-- Opening Marker --
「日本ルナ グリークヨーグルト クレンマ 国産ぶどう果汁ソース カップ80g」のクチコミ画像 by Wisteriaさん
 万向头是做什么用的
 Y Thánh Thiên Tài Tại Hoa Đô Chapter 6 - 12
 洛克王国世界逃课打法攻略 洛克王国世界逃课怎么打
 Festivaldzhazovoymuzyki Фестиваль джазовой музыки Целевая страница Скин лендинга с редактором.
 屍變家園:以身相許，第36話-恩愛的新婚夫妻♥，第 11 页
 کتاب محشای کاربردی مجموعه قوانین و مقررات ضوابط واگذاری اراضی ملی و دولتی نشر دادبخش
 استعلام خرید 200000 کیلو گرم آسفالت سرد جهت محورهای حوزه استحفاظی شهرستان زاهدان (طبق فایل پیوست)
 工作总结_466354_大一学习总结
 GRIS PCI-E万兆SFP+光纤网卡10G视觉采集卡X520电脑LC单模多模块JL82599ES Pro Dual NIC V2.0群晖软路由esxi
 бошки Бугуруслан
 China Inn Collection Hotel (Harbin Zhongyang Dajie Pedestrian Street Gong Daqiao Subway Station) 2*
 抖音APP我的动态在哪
-- Closing Marker --
* _Task instructions_
Please print the data above exactly as it appears.

* _Written response_
「日本ルナ グリークヨーグルト クレンマ 国産ぶどう果汁ソース カップ80g」のクチコミ画像 by Wisteriaさん
 万向头是做什么用的
 Y Thánh Thiên Tài Tại Hoa Đô Chapter 6 - 12
 洛克王国世界逃课打法攻略 洛克王国世界逃课怎么打
 Festivaldzhazovoymuzyki Фестиваль джазовой музыки Целевая страница Скин лендинга с редактором.
 屍變家園:以身相許，第36話-恩愛的新婚夫妻♥，第 11 页
 کتاب محشای کاربردی مجموعه قوانین و مقررات ضوابط واگذاری اراضی ملی و دولتی نشر دادبخش
 استعلام خرید 200000 کیلو گرم آسفالت سرد جهت محورهای حوزه استحفاظی شهرستان زاهدان (طبق فایل پیوست)
 工作总结_466354_大一学习总结
 GRIS PCI-E万兆SFP+光纤网卡10G视觉采集卡X520电脑LC单模多模块JL82599ES Pro Dual NIC V2.0群晖软路由esxi
 бошки Бугуруслан
 China Inn Collection Hotel (Harbin Zhongyang Dajie Pedestrian Street Gong Daqiao Subway Station) 2*
 抖音APP我的动态在哪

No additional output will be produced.